An Approach to DTDs and Namespaces
Introduction
JUMBO now implements a simple but powerful approach to DTDs and namespaces,
intended to follow both the spirit and letter of XML. This has been implemented
in an imminent new snapshot of JUMBO (i.e. not vapourware) and feedback
is welcomed, including areas where my knowledge of SGML is shallow.
In textual applications (rendering of 'human-readable' documents on
paper or screen as in current (1997) browsers) stylesheets are the preferred
approach to 'display'. In this spirit JUMBO is tracking the XSL spec and
provides partial support at present. However, many applications are 'non-textual'
either because of the nature of their material (molecules, semantic maths,
structured graphics, etc.) or because of their structure (general graphs,
tables, etc.). In these cases a per-element approach is often valuable
and JUMBO currently provides support by linking element display to Java
classes. This leads to a simple model for namespaces which may also be
useful for some textual applications as well.
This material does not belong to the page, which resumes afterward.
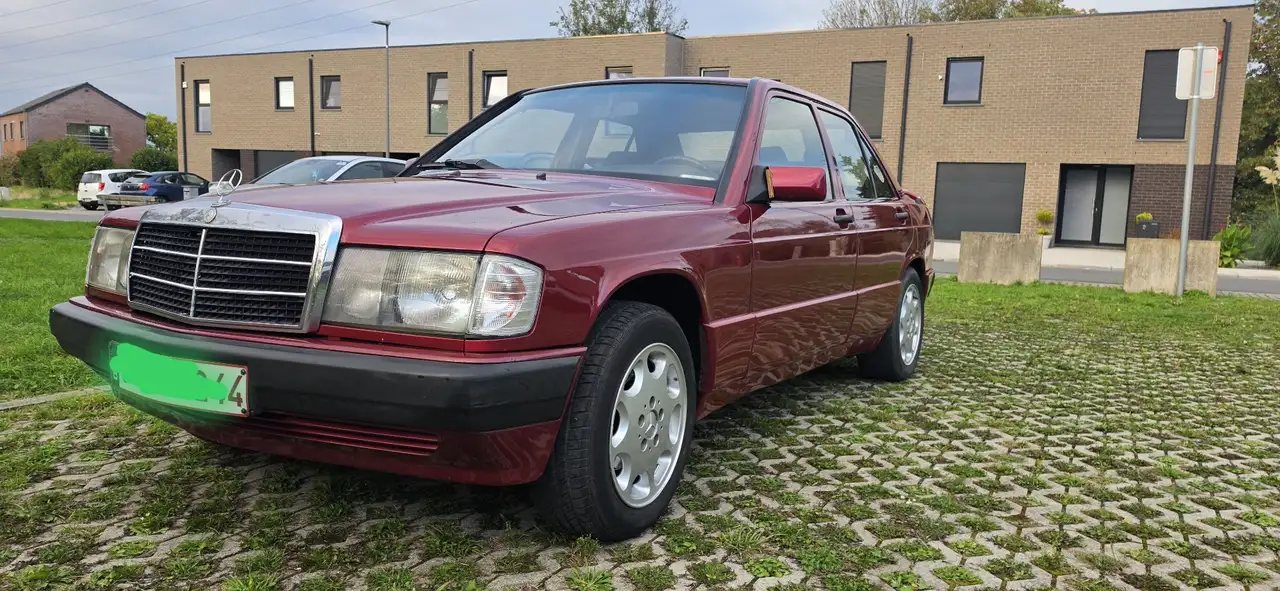 Mercedes-Benz 190 carat duchatelet, foto 4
The merits and limitations of the XML DTD
Traditional management of XML documents is through the DTD which can provide
the following:
-
(a) A validatable structure for the children of an element (the 'content')
-
(b) A list of validatable typed attributes for an element, with optional
default values.
-
(c) Parameter entities for the maintenance of the DTD
-
(d) Character entities for inclusion of text strings in the document
-
(e) External text entities for inclusion in the document.
-
(f) NOTATIONs for non-XML objects
-
(g) An INCLUDE mechanism
Of these only (a) and (b) impinge on Namespaces and DTDs. JUMBO never
sees (c) (d) and (g), may never see (e) and its author has publicly demonstrated
that he does not understand (f) fully.
Content models
(a) allows a powerful definition of the potential structures for an element's
content. It is useful for validating static XML documents, for creating
new documents, and for editing or merging existing ones. JUMBO thinks it
is a Good Thing and will use it whenever possible (it awaits a publicly
available Java algorithm for content validation).
It has limitations in the following areas:
-
Included character data (#PCDATA) has only one allowed type (STRING).
-
Some desirable content models are not easy/possible to construct
The first is serious since almost all non-textual applications of XML (databases,
technical subjects, commerce and many more) use datatyping such as INTEGER,
DATE, FLOAT, etc. An example of the second is where occurrence counts of
children are substantial (e.g. 'FAMILYs with more than five and less than
eight CHILDren' have ugly content models. [By contrast XLL with NodeSets
could provide an elegant runtime validation: (ALL,FAMILY)CHILD(5,CHILD).NOT.(ALL,FAMILY)CHILD(9,CHILD)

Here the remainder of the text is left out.